My linear model has a 0,08642 RMSE and after I perform 10-fold cross validation I get a 0,091276 RMSE. I have read on similar questions like mine, that RMSE of fit and RMSE of prediction should be very close numbers in order to be able to say that my model has a good prediction capability. Correct me, if I am wrong. I can't find official literature to support this. Everything I read about cross validation does not write about results interpretation.

Best Answer

K-fold CV is one way of estimating the extra-sample error of a given model, providing us with an idea of the prediciton quality on data previously unknown to the model.

My linear model has a 0,08642 RMSE and after I perform 10-fold cross validation I get a 0,091276 RMSE. I have read on similar questions like mine, that RMSE of fit and RMSE of prediction should be very close numbers in order to be able to say that my model has a good prediction capability.

I suppose the 0.091 is the average RMSE resulting from the CV?
That this average is close to your previous result alone does not yet say much about the model quality.
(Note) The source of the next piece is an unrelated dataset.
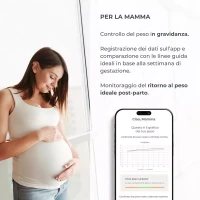 Immagine di Nuvita PrimiPesi Bilancia Smart Bluetooth per Mamma e Bambino - Compatta e Portatile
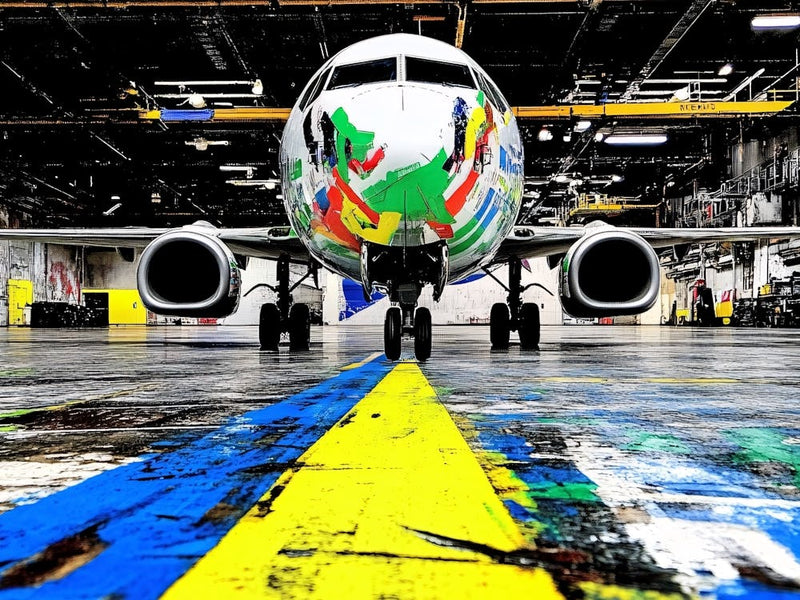 Airplane In The Hangar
Have a look at the distribution of the errors resulting from the CV - what does it look like?
If it shows a standard deviation it could mean that your model is overfitting the training data. If not then your model has probably done a good job at generalizing.

So now you have an idea of how well your model generalized to new, unseen data. However even if the dispersion of your CV errors is low, the error value itself can be a bit abstract without considering the characteristics of the data. Plot your data and your linear model to see how it fits.